Now we can score the decoding result. Typically, you can compute the WER(word err rate).

In [None]:
refFile = os.path.join(dataDir, "test", "text")

score = exkaldi.decode.score.wer(ref=refFile, hyp=textResult, mode="present")

score

Or some times, compute the edit distance score. 

In [None]:
score = exkaldi.decode.score.edit_distance(ref=refFile, hyp=textResult, mode="present")

score

Then compute the accuracy of words levels.

In [None]:
1 - score.editDistance/score.words

We tested this and only get the WER 134.37, and the accuracy rate of words is 27.6%.

We support further process the lattice, for example, to add penalty or to scale it.

Here is a example to config different language model weight(LMWT) and penalty. (In Instead of text-format result, we use int-format reference file.)

In [None]:
refInt = exkaldi.hmm.transcription_to_int(refFile, lexicons("words"), unkSymbol=lexicons("oov"))
refIntFile = os.path.join(dataDir, "exp", "train_delta", "decode_test", "text.int")
refInt.save(refIntFile)

refInt.subset(nHead=1)

In [None]:
for penalty in [0., 0.5, 1.0]:
    for LMWT in range(10, 15):
        
        newLat = lat.add_penalty(penalty)
        result = newLat.get_1best(lexicons("words"), hmmFile, lmwt=LMWT, acwt=0.5)

        score = exkaldi.decode.score.wer(ref=refInt, hyp=result, mode="present")
        
        print(f"Penalty {penalty}, LMWT {LMWT}: WER {score.WER}")

From the lattice, you can get the phone-level result.

In [None]:
phoneResult = lat.get_1best(lexicons("phones"), hmmFile, lmwt=1, acwt=0.5, phoneLevel=True)

phoneResult = exkaldi.hmm.transcription_from_int(phoneResult, lexicons("phones"))

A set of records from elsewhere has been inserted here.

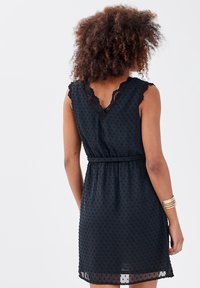 Robe noire avec une texture à petits pois, décolleté en V, bordures en dentelle aux épaules, taille cintrée et jupe évasée.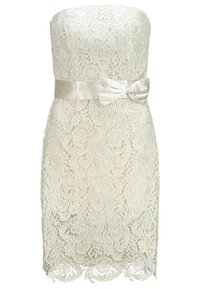 Utan axelband, klänning i elfenbenstint spets med blommönster, en åtsittande silhuett och ett satinbälte med en sløyfe i midjan. Sicksackdetalj i nederkanten.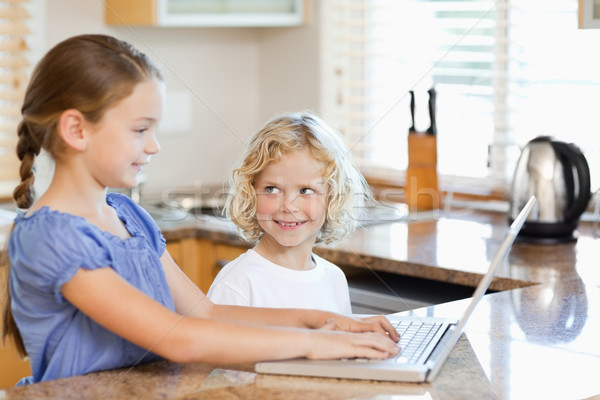 Stock photo: Siblings together on the notebook in the kitchen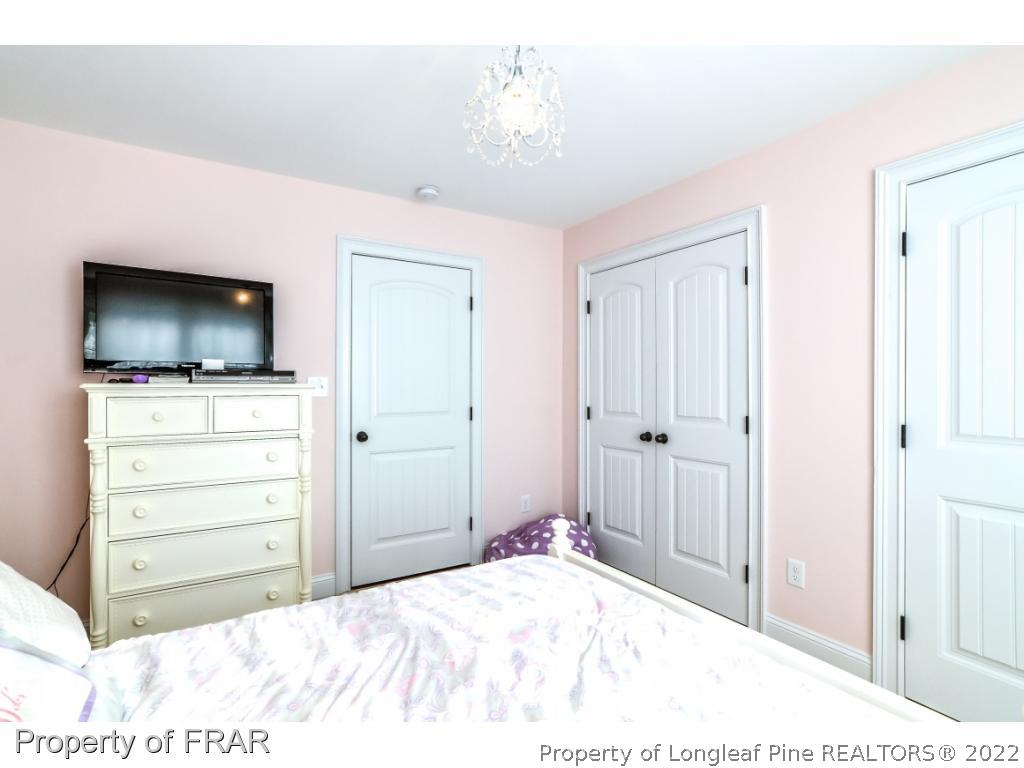 5491 Murphy Road Stedman, NC 28391 - Photo 20 of 33 a bedroom with a bed and a flat screen tv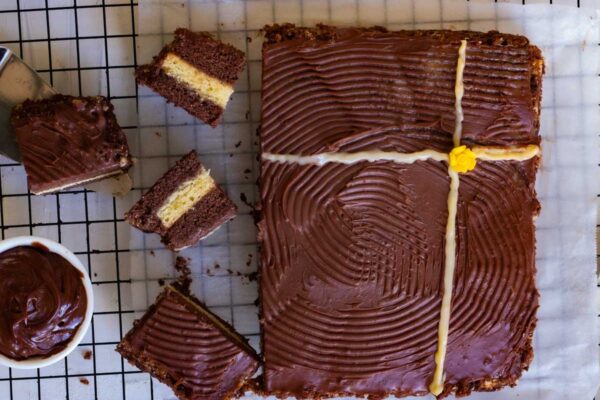 Bombay bakery chocolate cake (Copycat Recipe) A top down shot of a chocolate vanilla cake. The cake is cut in half, and placed on parchment paper on top of a baking rack. There are 4 cake slices along with a bowl of chocolate ganache placed in front of the cake.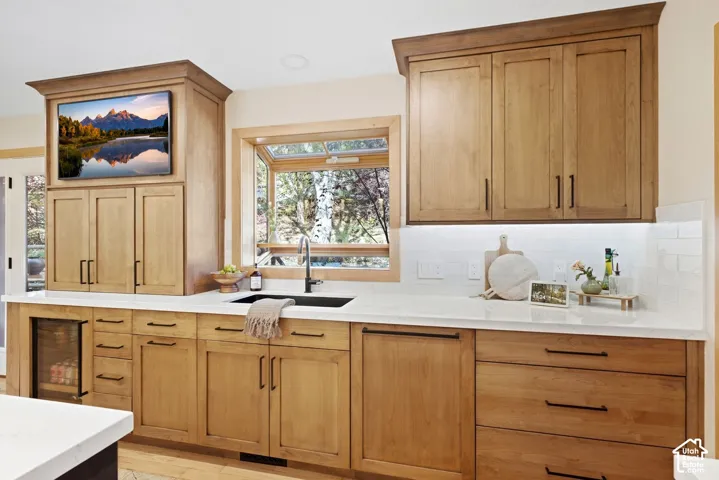 Wood-finish cabinetry with black hardware, white countertops, and a subway tile backsplash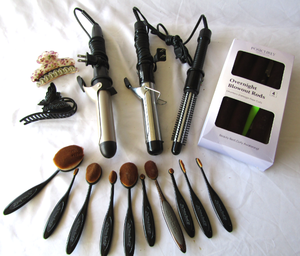 lot 603 image: Curling irons, hair clips and more as shown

phoneResult.subset(nHead=1)

From lattice, N-Best results can also be extracted.

In [None]:
result = lat.get_nbest(
                        n=3,
                        symbolTable=lexicons("words"),
                        hmm=hmmFile, 
                        acwt=0.5, 
                        phoneLevel=False,
                        requireCost=False,
                )

for re in result:
    print(re.name, type(re))

___result___ is a list of N-bests __Transcription__ objects. If ___requireCost___ is True, return the LM score and AM score sumultaneously.

In [None]:
result = lat.get_nbest(
                        n=3,
                        symbolTable=lexicons("words"),
                        hmm=hmmFile, 
                        acwt=0.5, 
                        phoneLevel=False,
                        requireCost=True,
                )

for re in result[0]:
    print(re.name, type(re))
    
for re in result[1]:
    print(re.name, type(re))

for re in result[2]:
    print(re.name, type(re))

And importantly, Alignment can be returned. 

In [None]:
result = lat.get_nbest(
                        n=3,
                        symbolTable=lexicons("words"),
                        hmm=hmmFile, 
                        acwt=0.5, 
                        phoneLevel=False,
                        requireCost=False,
                        requireAli=True,
                )

for re in result[1]:
    print(re.name, type(re))

We will not train __LDA+MLLT__ and __SAT__ in this tutorial. If you need tutorial about them, please look the `examples` directory. We prepare some actual recipes for, for example, __TIMIT__ corpus.